道交法初の特別指名手配。すぐの厳罰も期待されるが(Enao-kagari / PIXTA)

大分県別府市で昨年6月に起きた死亡ひき逃げ事件で、警察庁は八田(はった)與一(よいち)容疑者(27)を9月8日付けで重要指名手配とした。道路交通法では初であり、早期の逮捕が期待される。同容疑者を加えたポスターの掲示も10月からスタート。被疑者逮捕へ警察が全力を尽くすことになるが、すぐに厳罰になるかは不透明だ。

八田容疑者には公的懸賞金300万円と遺族による私的懸賞金500万円が掛けられている

情報はこれまでに2000件以上が提供されており、指名手配された9月は900件以上の情報が寄せられたという。

交通事故に詳しい弁護士が解説

それにしても、なぜこれまで道交法で特別指名手配がなかったのか。交通事故に詳しい伊藤雄亮弁護士は、「あくまで推測になるが、交通事故はやはり基本的には過失による事故であって、殺意をもって相手を殺そうとする殺人罪とは、やはり大きな隔たりがある。よく『事故の犯罪は刑が軽すぎる』と言われるし、私の個人的意見としてもそう考えているが、他方で相手を殺そうとしてわざと殺す場合と、相手を殺す意思がない場合とでは、意味合いが違う。そこはたぶん多くの人が同じ認識なのだろうと思う」と見解を示した。

厳罰化が進む“危険運転”

それでも”隔たり”はじわじわ縮まりつつある。危険な運転による死亡事故、または負傷をさせた場合に成立する危険運転致死傷罪の設立は大きな一歩となった。特に飲酒運転や無免許運転の被害者遺族が中心となり、厳罰化へ向けた署名活動を行ったこと等で、死亡の場合、1年以上15年以下の懲役を科せられることになった。

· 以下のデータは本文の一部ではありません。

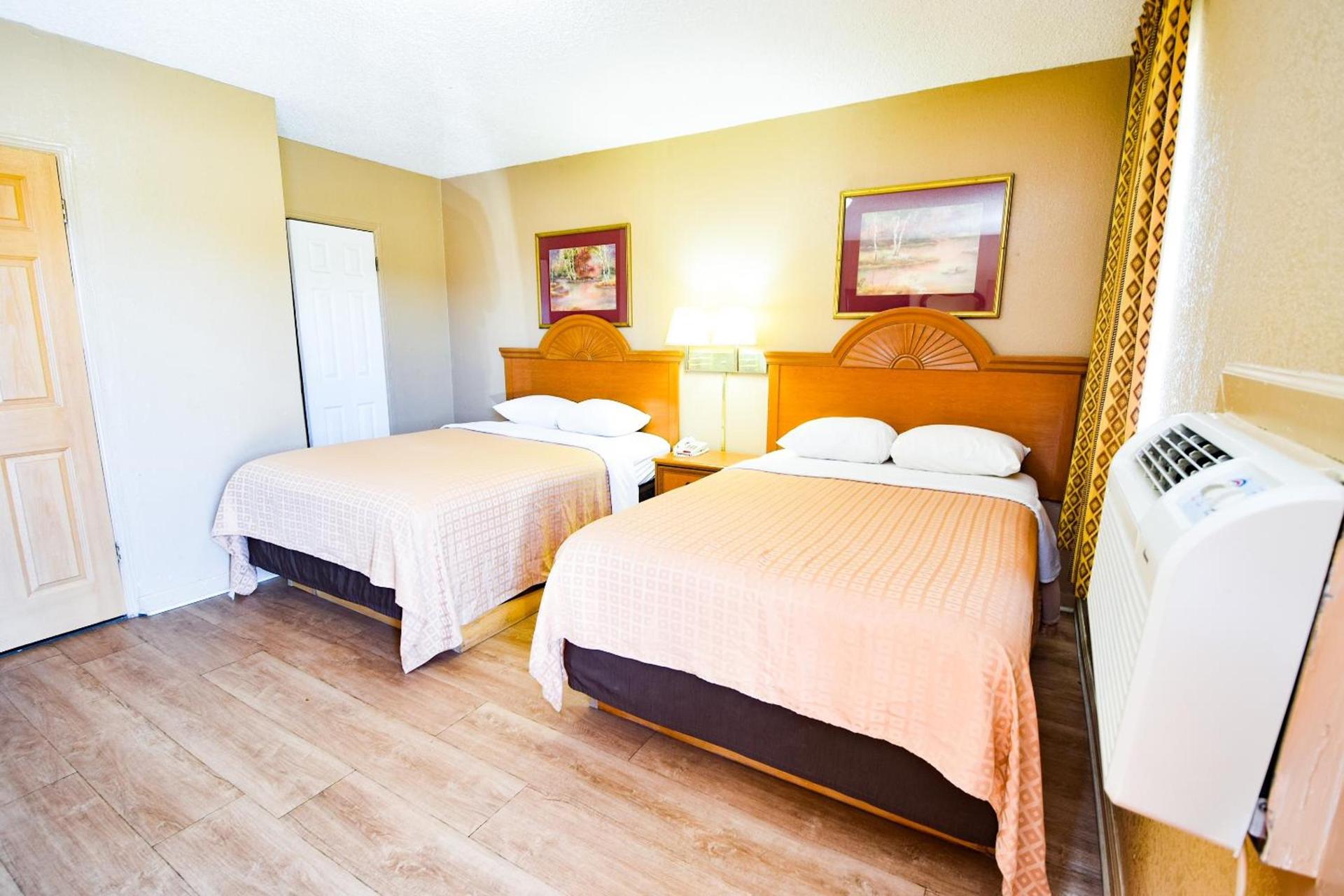 Economy Inn Beebe photo 5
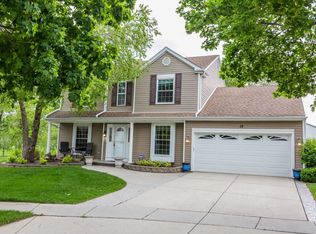 12 McKinley Ln, Streamwood, IL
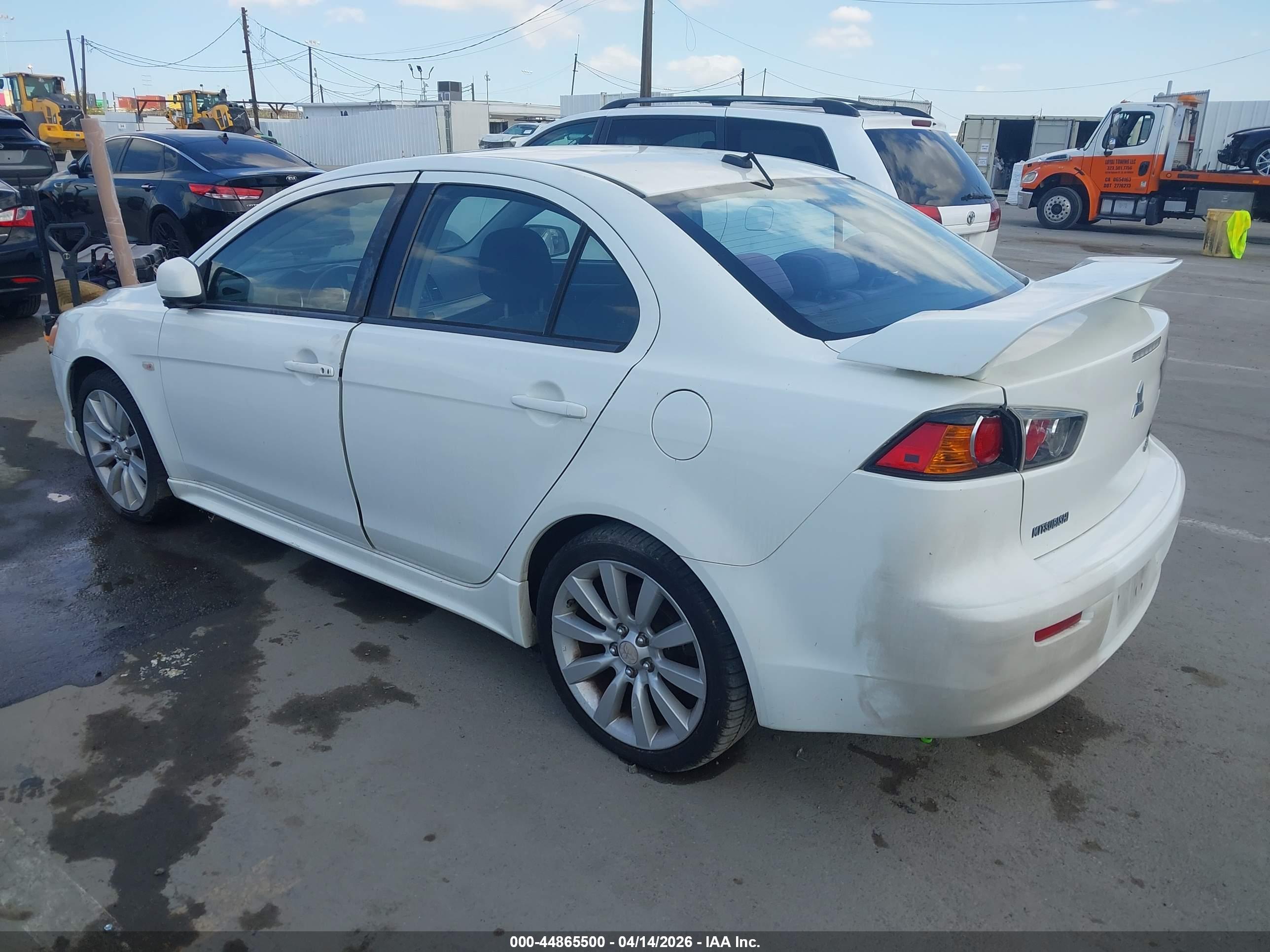 MITSUBISHI LANCER image 3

さらにその後、「刑罰が軽い」と平成17年の法改正で死亡の場合はさらに厳罰化され、1年以上20年以下の懲役となった。加えて、平成19年の改正では自動二輪も対象となり、自動車運転過失致死傷罪も新設された。同罪が設定されたことで、それまでの運転ミスによる過失である業務上過失致死罪より重い、7年以下の懲役もしくは禁錮または100万円以下の罰金が科せられることになっている。

悲惨な事故で親族を失った遺族にすれば、厳罰を望むのは無理もない。それだけに今回の大分のケースは、その悪質さや遺族による5万人以上の署名を鑑みても、ひき逃げから殺人への切り替えへつながることも期待されるところではある。

大分ひき逃げが指名手配でも即殺人罪適用となりづらい要因

伊藤弁護士は「かなり特殊な例ではあるが、それだけ悪質であることは間違いない。逮捕して弁解を聞かなければ行為の立証できないでしょうが、限りなく殺人に近い。現時点では殺人と断定するだけの証拠は揃っていないにしても、あくまで故意の殺人の可能性も込みで考え、指名手配にしたのかなと推察される」と推測した。

一方で、「交通事故扱いなら、相手の車の自動車損害賠償責任保険(自賠責)、任意保険、自分の車の任意保険から、保険が下りる可能性がある。それが殺人扱いだと保険が下りないケースが多い。そうすると大手を振って殺人で指名手配になると、もしかしたら被害者が困窮するかもしれない。そのあたりを考慮している可能性も否定できない」と交通事故に精通するからこその視点で、伊藤弁護士は即時の殺人罪への切り替えを控えている可能性も指摘する。

併せて、「殺人罪に問われる可能性を被疑者が自覚しているとなれば、もし被疑者が生きているなら、指名手配のことについてネット等で情報収集し、逃亡の意思をより強くしている可能性もある」とし、逃亡の長期化を懸念する。

車を“武器”にするような凶悪な突進で人をあやめ、1年3カ月以上逃亡を続ける八田容疑者。自身も交通事故で親族を失っている伊藤弁護士は最後に、「非常に悪質なひき逃げ事件。生きているなら逃げ得は許さず、法の裁きが下されることを願いたい」と努めて冷静に、早期逮捕に期待を寄せた。